▶ _Problem_:
Nothing after the line with "1 dormitorio con" belongs in the copy; extract the lines below from the top through that line, pictures left out.

Collected data entries:
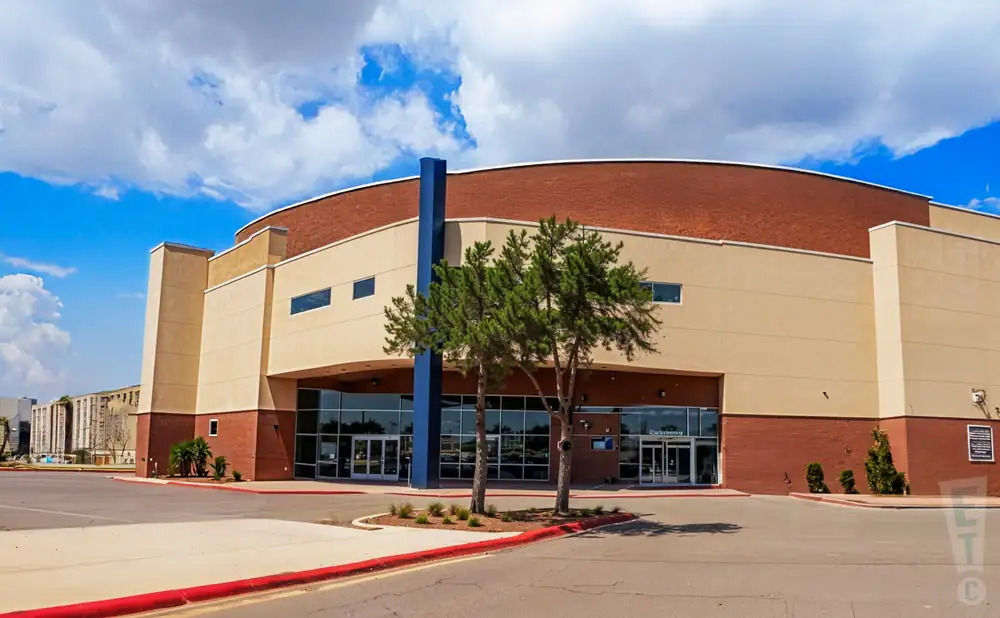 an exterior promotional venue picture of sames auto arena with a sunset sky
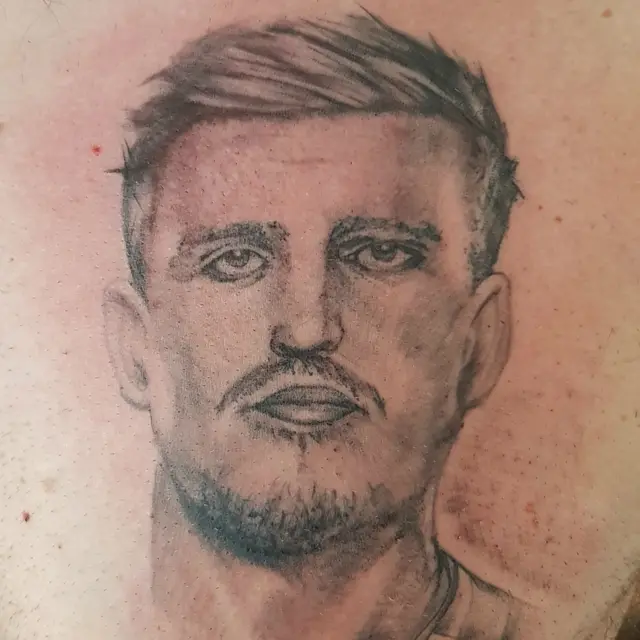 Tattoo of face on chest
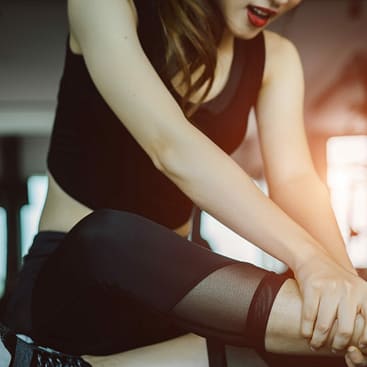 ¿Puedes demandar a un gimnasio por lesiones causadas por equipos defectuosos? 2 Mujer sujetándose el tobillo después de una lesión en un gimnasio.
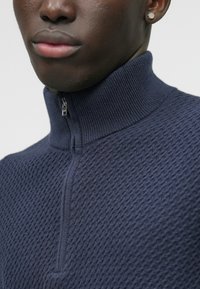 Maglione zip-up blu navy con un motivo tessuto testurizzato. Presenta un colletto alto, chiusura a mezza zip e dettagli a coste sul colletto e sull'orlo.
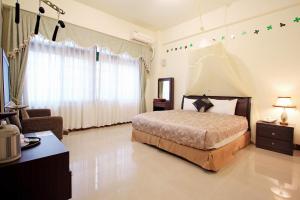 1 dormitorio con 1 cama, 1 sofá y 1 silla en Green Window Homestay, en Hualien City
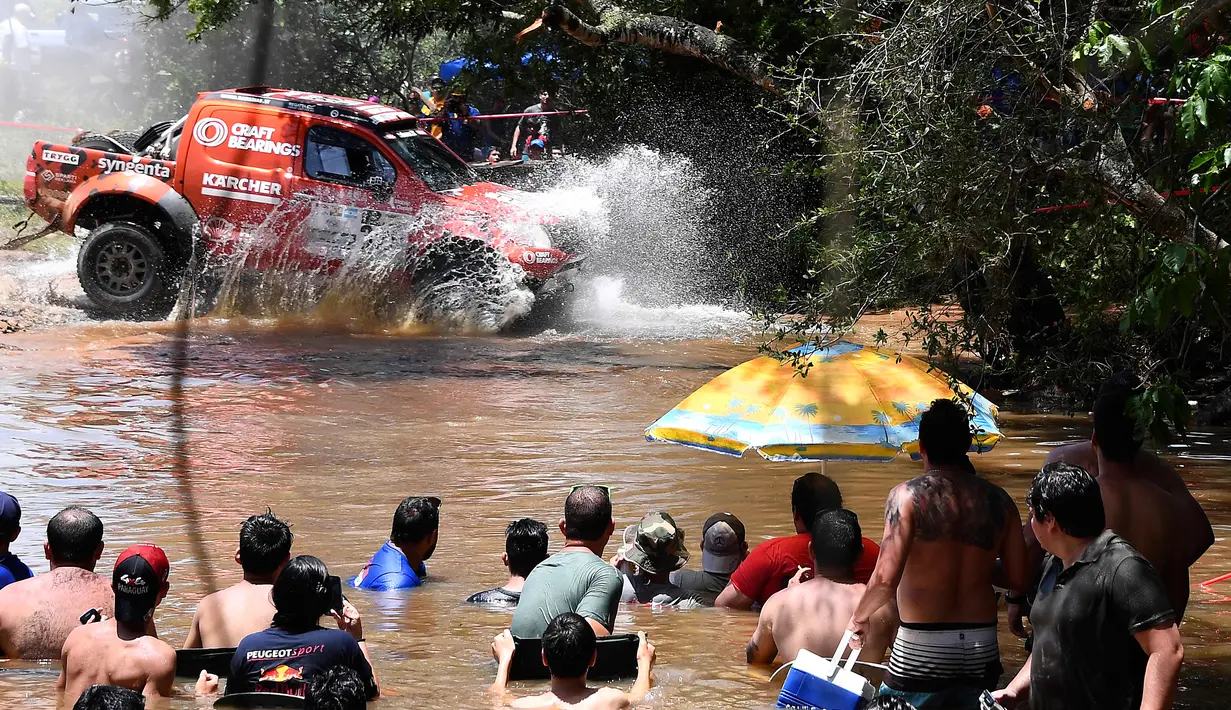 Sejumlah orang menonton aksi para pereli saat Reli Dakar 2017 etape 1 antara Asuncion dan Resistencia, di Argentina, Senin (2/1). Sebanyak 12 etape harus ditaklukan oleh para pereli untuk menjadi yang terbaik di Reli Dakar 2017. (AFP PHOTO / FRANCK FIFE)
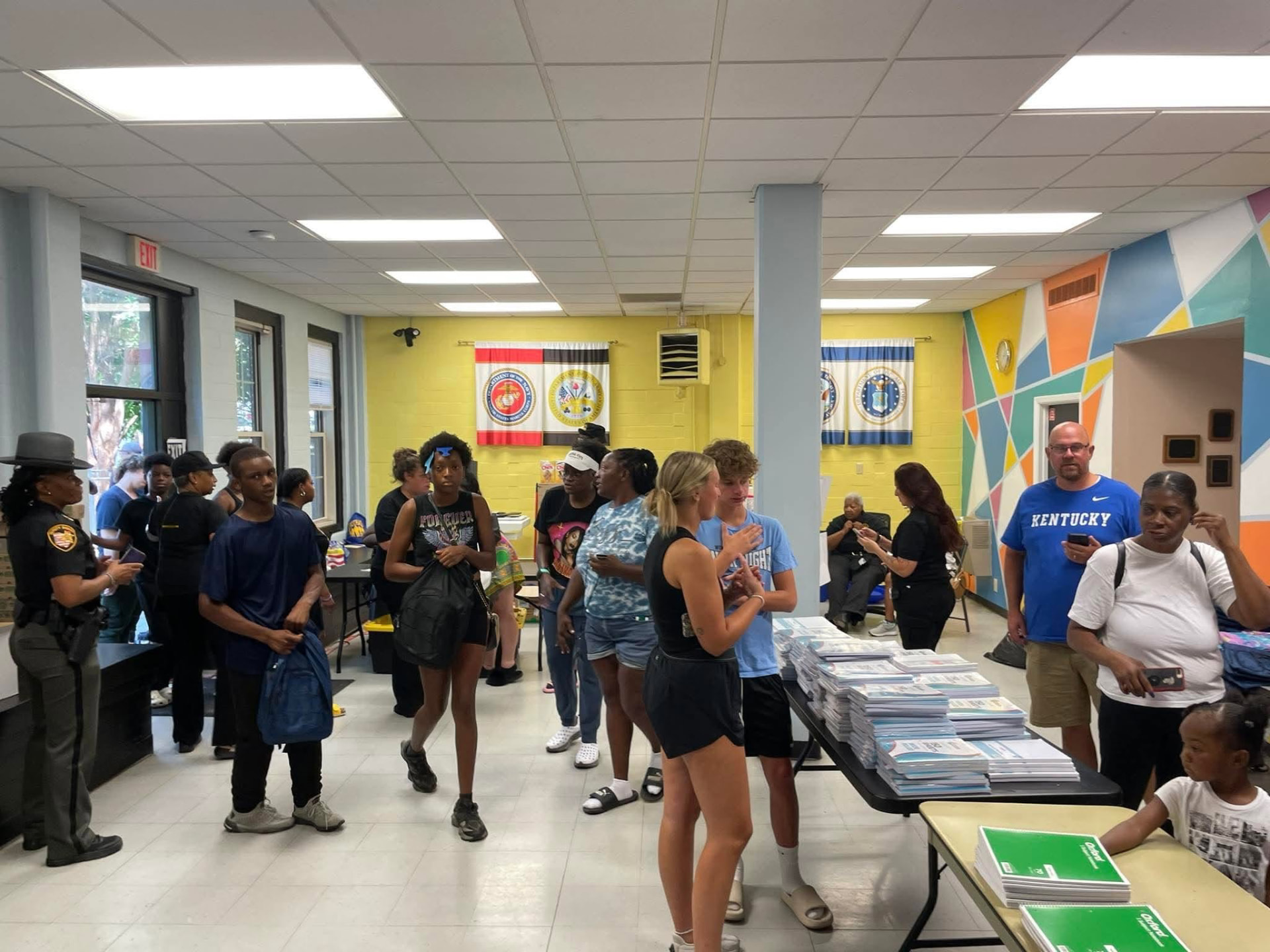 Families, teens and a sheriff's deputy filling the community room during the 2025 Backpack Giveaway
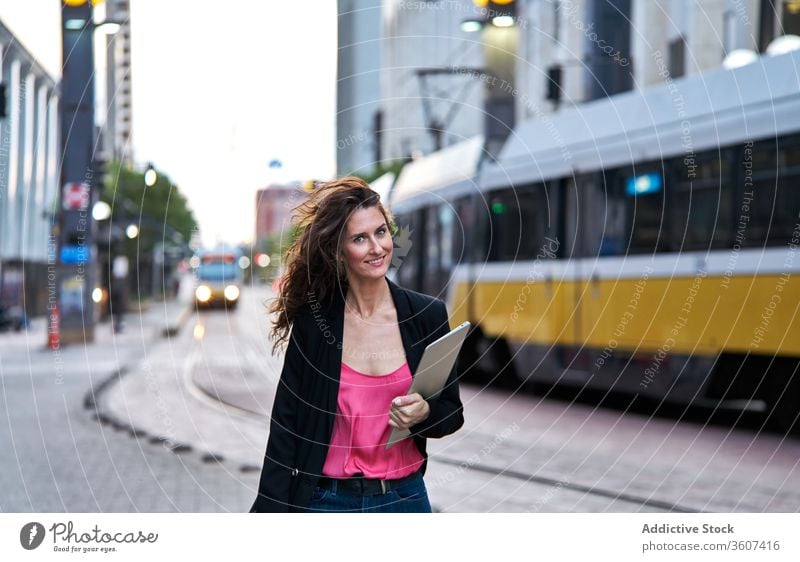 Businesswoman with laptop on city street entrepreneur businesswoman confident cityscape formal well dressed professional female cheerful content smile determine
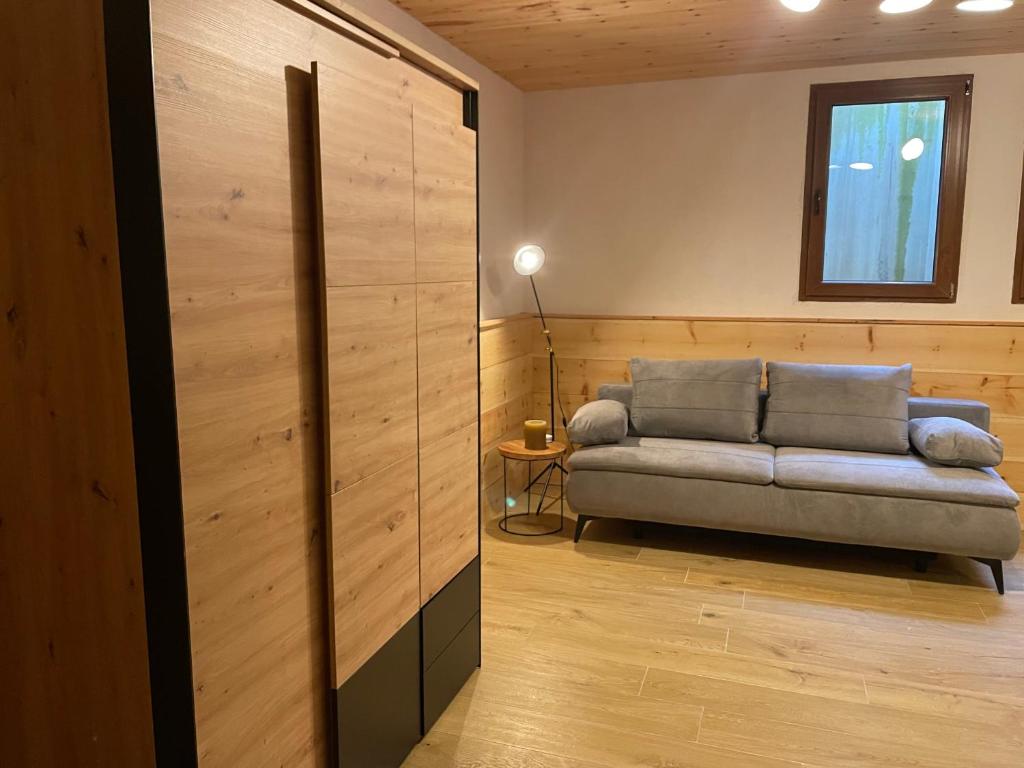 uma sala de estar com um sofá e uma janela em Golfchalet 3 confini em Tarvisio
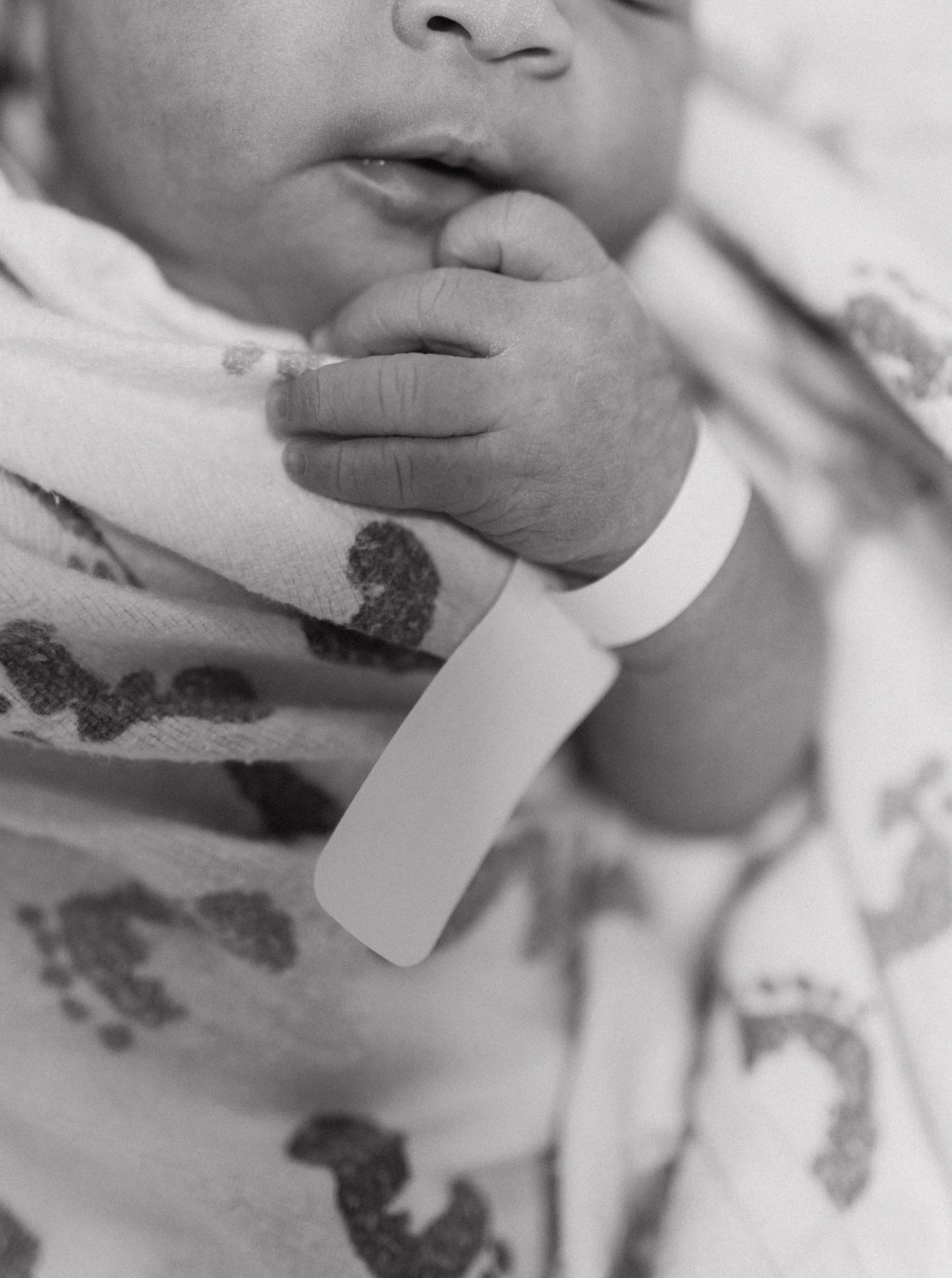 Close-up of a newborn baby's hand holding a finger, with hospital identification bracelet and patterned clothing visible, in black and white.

▶ _Output below_:
 an exterior promotional venue picture of sames auto arena with a sunset sky
 Tattoo of face on chest
 ¿Puedes demandar a un gimnasio por lesiones causadas por equipos defectuosos? 2 Mujer sujetándose el tobillo después de una lesión en un gimnasio.
 Maglione zip-up blu navy con un motivo tessuto testurizzato. Presenta un colletto alto, chiusura a mezza zip e dettagli a coste sul colletto e sull'orlo.
 1 dormitorio con 1 cama, 1 sofá y 1 silla en Green Window Homestay, en Hualien City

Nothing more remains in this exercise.